People in Canada, France and other industrialized countries don't wait for an ambulance. True, a non-emergency knee replacement might be delayed for a month to wait for an opening, but emergency- and immediate-care needs are met in a very timely fashion with the most appropriate technology. Pain control, safety designs, and coordination of services are far more developed than in the United States. Take for instance the use of continuous positive airway pressure (CPAP), which has proved to be a benefit to the patient. Many services are unwilling to incur CPAP costs without reimbursement. Fire departments like Houston's have been able to deploy it to the street after having it provided by a hospital. In this case, the hospital figured out that if EMS deploys CPAP, it reduces the confinement time of a patient with congestive heart failure below that which was authorized by Medicare. In other words, while Medicare pays for hospitalization of the patient for 3.2 days, CPAP reduces the hospitalization time to 1.2 days and eliminates the need for intubation, so the hospital clears two days of pure profit.

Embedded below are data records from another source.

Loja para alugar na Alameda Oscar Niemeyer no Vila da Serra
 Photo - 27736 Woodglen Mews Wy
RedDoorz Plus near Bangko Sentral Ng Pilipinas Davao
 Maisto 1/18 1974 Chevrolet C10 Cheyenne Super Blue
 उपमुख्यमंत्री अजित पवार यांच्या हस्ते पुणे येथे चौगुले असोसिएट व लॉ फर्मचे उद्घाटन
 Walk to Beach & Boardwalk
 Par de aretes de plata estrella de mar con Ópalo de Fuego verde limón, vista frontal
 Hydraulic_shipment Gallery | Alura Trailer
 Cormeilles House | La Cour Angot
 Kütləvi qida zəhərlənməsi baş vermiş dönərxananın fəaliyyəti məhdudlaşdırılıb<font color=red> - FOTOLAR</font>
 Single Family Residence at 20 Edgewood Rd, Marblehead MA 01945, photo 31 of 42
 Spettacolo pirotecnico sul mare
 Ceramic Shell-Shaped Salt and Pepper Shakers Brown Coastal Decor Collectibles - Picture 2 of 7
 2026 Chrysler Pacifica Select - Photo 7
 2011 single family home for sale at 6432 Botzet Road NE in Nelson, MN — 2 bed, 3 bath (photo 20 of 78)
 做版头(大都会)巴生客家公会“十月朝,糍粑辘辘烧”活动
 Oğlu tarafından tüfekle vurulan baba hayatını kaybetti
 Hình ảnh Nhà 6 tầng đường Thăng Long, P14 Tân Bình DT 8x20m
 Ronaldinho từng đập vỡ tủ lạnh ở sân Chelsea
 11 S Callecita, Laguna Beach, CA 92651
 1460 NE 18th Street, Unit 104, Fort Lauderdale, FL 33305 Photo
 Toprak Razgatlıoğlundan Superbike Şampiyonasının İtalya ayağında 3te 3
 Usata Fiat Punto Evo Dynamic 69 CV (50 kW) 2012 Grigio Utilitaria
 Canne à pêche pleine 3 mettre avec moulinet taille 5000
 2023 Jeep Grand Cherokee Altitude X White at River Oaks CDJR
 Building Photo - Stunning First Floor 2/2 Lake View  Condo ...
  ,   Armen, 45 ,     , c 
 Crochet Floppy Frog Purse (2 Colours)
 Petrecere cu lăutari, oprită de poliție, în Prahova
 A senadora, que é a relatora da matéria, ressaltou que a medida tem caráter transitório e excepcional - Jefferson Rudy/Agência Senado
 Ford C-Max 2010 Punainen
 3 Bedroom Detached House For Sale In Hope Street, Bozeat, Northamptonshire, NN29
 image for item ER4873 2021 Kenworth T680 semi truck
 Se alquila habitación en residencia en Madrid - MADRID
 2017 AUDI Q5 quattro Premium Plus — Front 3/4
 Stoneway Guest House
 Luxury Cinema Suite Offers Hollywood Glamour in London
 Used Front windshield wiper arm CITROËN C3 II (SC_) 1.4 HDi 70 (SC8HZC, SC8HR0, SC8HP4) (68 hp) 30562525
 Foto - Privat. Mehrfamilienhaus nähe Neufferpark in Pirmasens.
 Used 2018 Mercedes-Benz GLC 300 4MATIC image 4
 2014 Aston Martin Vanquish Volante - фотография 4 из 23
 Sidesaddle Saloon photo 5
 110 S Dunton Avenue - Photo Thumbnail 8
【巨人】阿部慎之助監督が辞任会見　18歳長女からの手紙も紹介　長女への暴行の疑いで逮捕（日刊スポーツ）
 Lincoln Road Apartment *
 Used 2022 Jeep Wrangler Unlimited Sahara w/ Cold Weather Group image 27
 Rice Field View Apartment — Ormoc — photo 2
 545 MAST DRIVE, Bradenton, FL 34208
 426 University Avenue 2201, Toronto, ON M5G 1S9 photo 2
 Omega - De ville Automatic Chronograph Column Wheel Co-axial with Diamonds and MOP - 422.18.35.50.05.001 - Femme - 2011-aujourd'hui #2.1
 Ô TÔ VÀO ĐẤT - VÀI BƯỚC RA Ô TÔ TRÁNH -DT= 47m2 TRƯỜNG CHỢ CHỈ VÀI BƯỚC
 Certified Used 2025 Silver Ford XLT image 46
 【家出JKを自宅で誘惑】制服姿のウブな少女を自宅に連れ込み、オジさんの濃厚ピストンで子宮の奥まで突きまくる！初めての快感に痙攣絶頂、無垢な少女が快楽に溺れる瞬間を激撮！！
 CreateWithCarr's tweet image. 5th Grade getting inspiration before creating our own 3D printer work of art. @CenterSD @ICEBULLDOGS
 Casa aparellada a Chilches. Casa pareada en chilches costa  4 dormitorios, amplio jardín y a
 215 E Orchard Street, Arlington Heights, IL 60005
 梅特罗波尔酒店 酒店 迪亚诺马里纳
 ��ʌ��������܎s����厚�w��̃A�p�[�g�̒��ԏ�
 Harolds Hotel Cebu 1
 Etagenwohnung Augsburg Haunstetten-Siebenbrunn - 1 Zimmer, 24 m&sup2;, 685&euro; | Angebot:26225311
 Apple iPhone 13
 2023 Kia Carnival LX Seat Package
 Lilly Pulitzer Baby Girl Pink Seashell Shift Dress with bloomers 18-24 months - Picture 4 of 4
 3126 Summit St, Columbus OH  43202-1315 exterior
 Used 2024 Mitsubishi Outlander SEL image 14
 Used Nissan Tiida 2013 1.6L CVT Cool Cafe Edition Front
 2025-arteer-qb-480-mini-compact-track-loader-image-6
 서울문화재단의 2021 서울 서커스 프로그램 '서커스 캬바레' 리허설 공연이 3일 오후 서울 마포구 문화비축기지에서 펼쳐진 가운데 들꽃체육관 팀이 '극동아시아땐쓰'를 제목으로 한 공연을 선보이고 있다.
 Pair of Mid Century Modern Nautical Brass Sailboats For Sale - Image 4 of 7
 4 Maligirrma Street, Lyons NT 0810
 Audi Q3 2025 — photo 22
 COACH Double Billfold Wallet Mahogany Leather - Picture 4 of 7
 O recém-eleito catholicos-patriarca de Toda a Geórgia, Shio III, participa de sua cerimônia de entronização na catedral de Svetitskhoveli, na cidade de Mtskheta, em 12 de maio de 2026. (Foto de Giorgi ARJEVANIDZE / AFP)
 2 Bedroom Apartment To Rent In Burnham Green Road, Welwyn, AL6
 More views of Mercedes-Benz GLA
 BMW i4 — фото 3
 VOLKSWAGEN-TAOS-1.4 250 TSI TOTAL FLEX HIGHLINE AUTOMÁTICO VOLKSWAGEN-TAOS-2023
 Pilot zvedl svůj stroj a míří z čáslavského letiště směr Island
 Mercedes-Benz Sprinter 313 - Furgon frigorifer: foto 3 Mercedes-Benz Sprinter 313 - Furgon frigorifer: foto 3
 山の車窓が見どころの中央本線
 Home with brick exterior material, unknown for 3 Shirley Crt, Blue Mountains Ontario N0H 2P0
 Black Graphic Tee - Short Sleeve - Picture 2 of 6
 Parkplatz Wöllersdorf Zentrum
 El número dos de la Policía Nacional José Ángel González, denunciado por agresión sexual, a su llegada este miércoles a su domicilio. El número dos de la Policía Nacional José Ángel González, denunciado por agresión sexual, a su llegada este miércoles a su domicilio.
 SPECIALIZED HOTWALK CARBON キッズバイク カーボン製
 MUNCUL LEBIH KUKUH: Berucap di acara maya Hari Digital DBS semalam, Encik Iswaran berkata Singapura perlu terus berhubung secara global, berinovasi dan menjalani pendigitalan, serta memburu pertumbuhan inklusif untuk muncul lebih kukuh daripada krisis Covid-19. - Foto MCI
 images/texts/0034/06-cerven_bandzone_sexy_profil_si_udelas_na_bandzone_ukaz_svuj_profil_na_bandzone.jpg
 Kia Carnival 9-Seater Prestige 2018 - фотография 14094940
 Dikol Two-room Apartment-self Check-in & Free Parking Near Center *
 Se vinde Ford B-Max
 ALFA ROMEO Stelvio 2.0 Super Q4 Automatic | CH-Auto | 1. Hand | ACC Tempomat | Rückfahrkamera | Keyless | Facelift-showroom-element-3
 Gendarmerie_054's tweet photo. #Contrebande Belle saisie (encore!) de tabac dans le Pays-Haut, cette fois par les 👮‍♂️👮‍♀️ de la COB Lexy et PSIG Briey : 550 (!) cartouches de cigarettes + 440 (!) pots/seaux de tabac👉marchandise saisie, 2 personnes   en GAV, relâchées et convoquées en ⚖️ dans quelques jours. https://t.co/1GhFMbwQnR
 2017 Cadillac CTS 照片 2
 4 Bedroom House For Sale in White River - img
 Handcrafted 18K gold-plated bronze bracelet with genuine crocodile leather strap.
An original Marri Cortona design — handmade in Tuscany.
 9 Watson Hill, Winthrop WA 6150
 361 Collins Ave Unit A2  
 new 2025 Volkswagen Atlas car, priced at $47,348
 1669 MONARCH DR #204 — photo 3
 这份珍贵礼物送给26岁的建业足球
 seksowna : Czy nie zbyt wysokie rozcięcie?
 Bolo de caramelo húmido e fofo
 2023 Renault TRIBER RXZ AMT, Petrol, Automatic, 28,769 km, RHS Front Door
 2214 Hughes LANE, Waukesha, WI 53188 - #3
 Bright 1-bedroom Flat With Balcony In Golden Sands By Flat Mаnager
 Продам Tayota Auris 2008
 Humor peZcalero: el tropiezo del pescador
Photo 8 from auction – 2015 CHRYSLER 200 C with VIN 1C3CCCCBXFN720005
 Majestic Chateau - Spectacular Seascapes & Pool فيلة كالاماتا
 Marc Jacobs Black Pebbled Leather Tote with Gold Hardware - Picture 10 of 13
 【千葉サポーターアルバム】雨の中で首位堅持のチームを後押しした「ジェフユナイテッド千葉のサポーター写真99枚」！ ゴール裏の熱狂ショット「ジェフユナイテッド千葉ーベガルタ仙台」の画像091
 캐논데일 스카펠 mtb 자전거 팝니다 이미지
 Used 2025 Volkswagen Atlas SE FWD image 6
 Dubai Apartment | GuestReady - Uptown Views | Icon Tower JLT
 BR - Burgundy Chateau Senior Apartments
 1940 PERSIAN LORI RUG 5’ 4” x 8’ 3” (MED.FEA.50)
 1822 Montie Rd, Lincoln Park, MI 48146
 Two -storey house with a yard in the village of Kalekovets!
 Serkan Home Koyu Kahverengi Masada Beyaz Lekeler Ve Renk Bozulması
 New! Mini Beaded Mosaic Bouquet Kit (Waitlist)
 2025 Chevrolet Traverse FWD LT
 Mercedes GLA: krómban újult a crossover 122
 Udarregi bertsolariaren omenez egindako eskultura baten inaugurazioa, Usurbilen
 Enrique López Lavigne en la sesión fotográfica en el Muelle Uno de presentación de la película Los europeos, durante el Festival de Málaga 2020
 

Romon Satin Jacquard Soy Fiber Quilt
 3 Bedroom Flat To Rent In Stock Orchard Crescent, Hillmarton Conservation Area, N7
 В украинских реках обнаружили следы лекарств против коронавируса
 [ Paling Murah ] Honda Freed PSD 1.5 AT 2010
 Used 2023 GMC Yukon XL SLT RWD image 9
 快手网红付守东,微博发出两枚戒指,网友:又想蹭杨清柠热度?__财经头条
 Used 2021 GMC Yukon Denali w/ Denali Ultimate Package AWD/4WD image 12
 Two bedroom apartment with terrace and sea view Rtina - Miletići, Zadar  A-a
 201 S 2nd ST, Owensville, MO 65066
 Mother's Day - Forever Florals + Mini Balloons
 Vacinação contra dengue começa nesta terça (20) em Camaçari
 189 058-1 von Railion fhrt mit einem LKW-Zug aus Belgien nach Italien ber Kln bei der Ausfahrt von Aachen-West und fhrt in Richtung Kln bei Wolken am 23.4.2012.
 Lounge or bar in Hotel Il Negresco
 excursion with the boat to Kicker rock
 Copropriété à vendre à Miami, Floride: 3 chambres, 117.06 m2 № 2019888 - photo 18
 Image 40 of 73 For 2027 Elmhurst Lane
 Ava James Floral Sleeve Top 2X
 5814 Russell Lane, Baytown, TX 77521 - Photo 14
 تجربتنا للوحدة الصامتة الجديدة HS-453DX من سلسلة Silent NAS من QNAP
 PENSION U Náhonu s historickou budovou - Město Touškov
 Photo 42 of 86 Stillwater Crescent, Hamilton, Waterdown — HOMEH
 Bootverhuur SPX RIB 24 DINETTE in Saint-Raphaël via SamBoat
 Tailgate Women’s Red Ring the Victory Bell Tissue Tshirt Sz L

If you are against socialized medicine, you need to look in the mirror. That is exactly what fire-based EMS is. We respond regardless of insurance or payment status. We have every incentive to do what's right for the patient because they collectively, as taxpayers are the ones paying our salary. Our role as the gateway to the health-care system should stand out like the Statue of Liberty's torch. The words on the pedestal reflect this country's core values and it's a mission to which fire-based EMS has long been accustomed.
Bruce Evans is the EMS chief for the North Las Vegas (Nev.) Fire Department. He also is the fire science program coordinator at the Community College of Southern Nevada and an adjunct faculty member for the National Fire Academy's EMS and injury prevention courses. He has an associate's degree in fire management and a master's degree in public administration.